(Records shown)

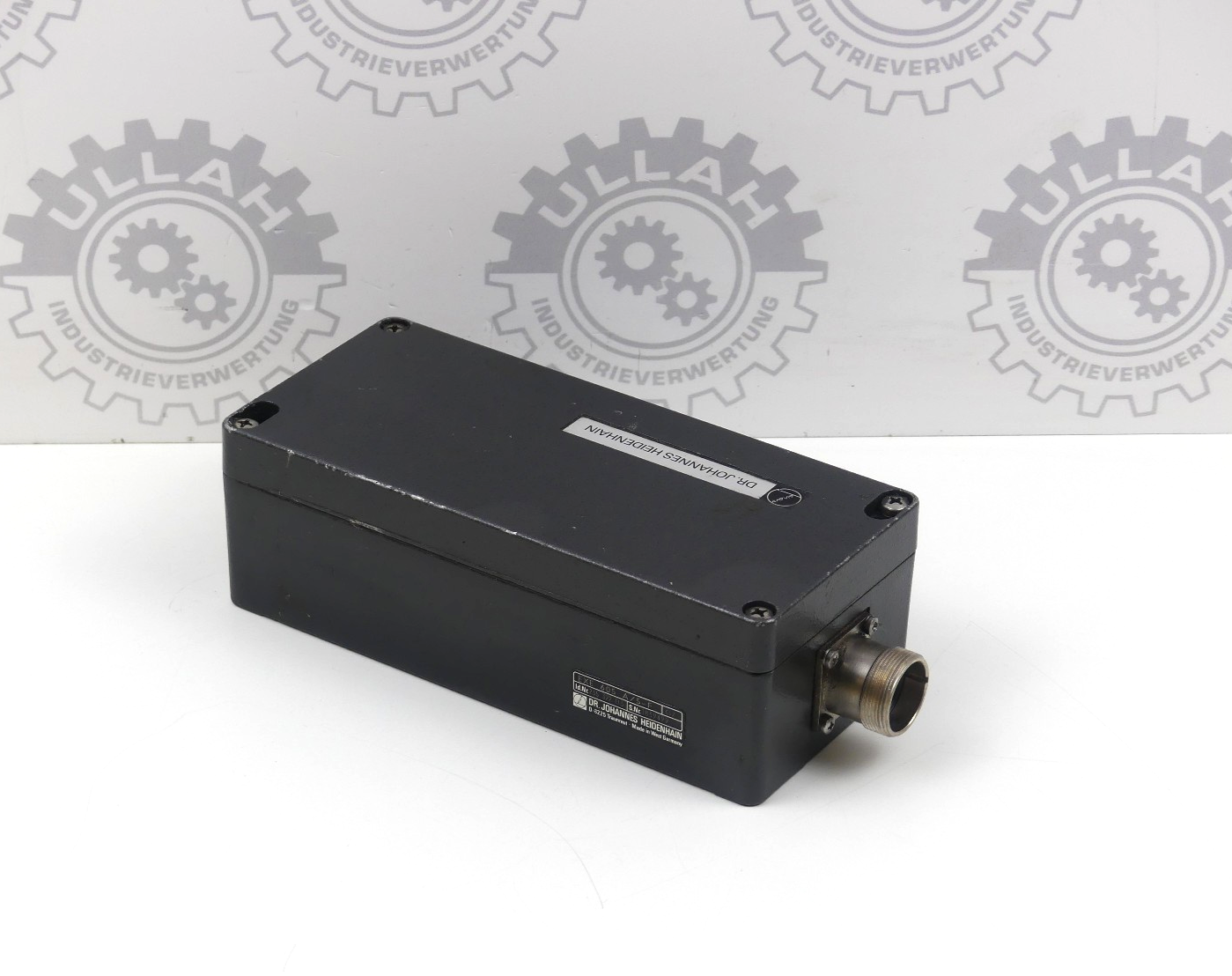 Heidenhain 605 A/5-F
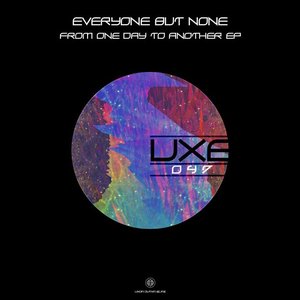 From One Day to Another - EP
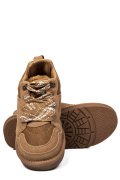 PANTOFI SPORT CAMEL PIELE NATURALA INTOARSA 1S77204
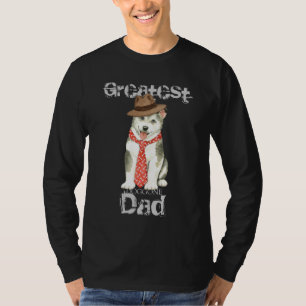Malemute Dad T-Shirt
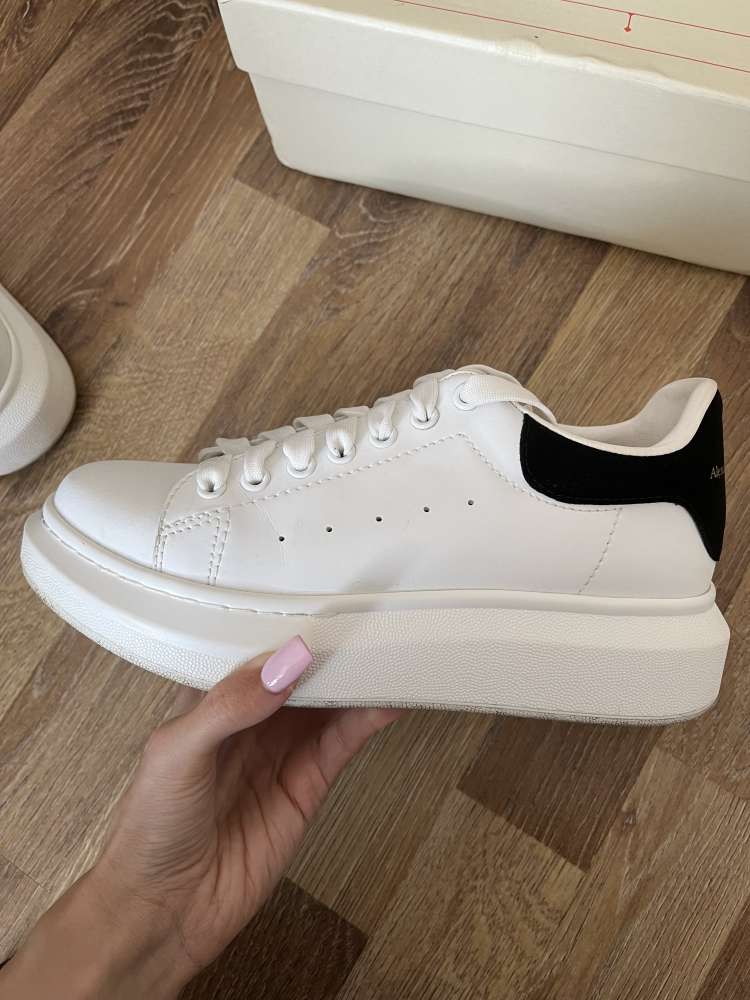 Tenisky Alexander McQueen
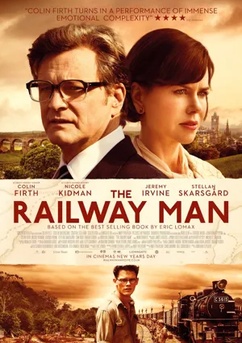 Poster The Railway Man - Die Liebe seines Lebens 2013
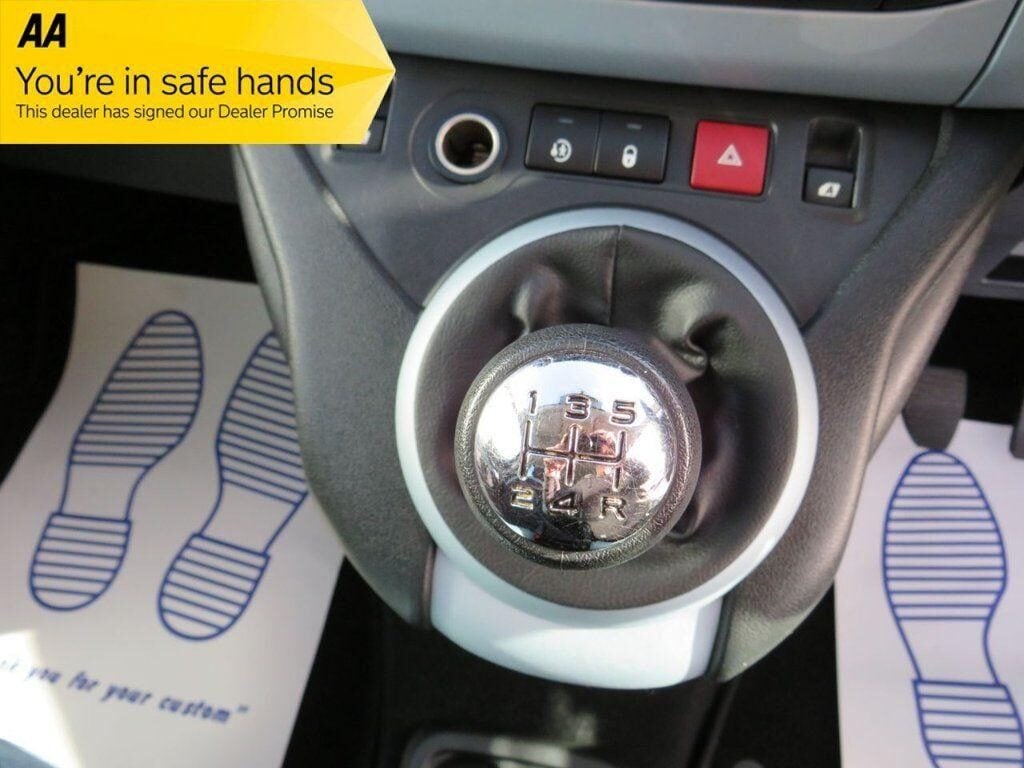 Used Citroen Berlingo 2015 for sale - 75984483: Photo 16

(End Records shown)
(Records shown)

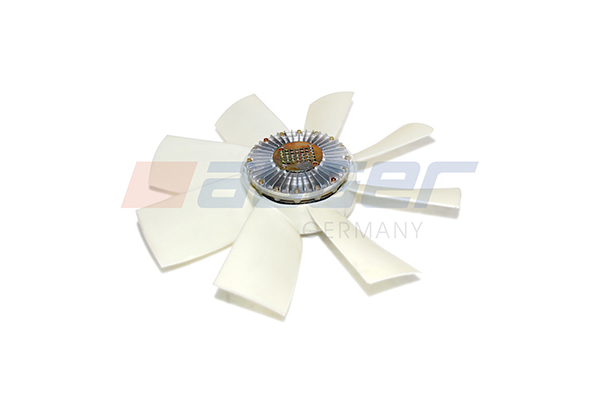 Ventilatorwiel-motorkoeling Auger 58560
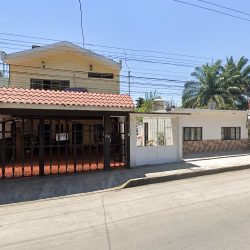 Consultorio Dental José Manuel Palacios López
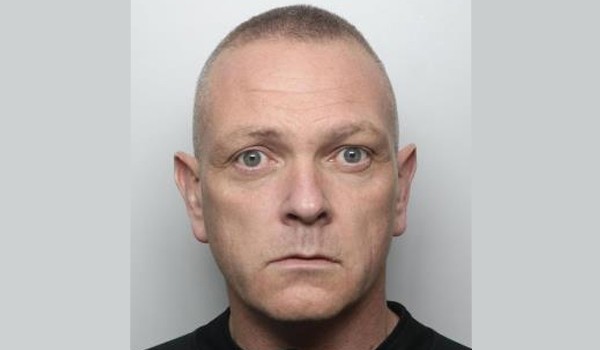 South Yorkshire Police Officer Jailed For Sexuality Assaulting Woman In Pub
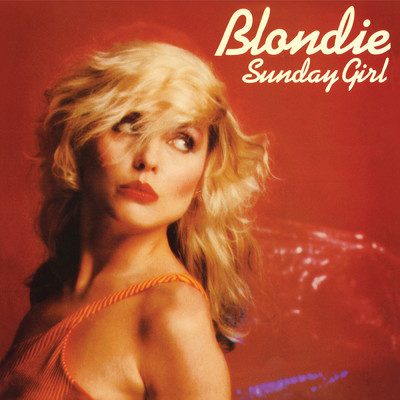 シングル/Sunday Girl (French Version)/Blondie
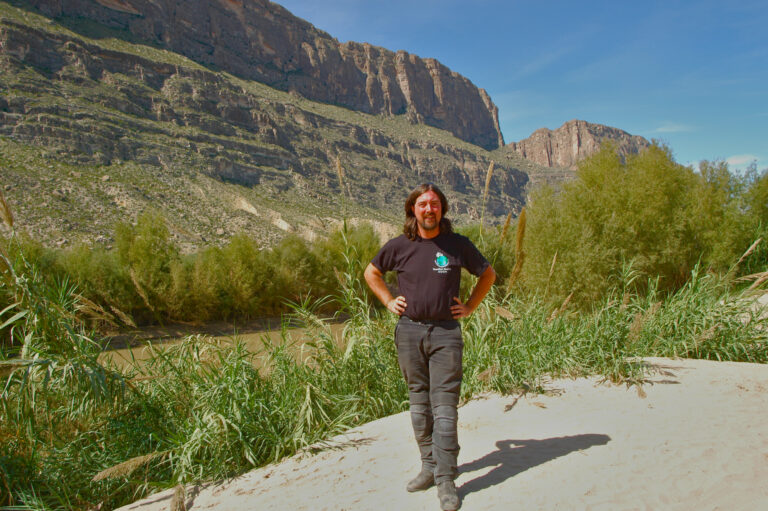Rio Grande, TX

(End Records shown)

"PANTOFI SPORT CAMEL" marks the first line to copy, and "Used Citroen Berlingo" marks the last. Repeat that stretch above exactly, with no pictures.

 PANTOFI SPORT CAMEL PIELE NATURALA INTOARSA 1S77204
Malemute Dad T-Shirt
 Tenisky Alexander McQueen
 Poster The Railway Man - Die Liebe seines Lebens 2013
 Used Citroen Berlingo 2015 for sale - 75984483: Photo 16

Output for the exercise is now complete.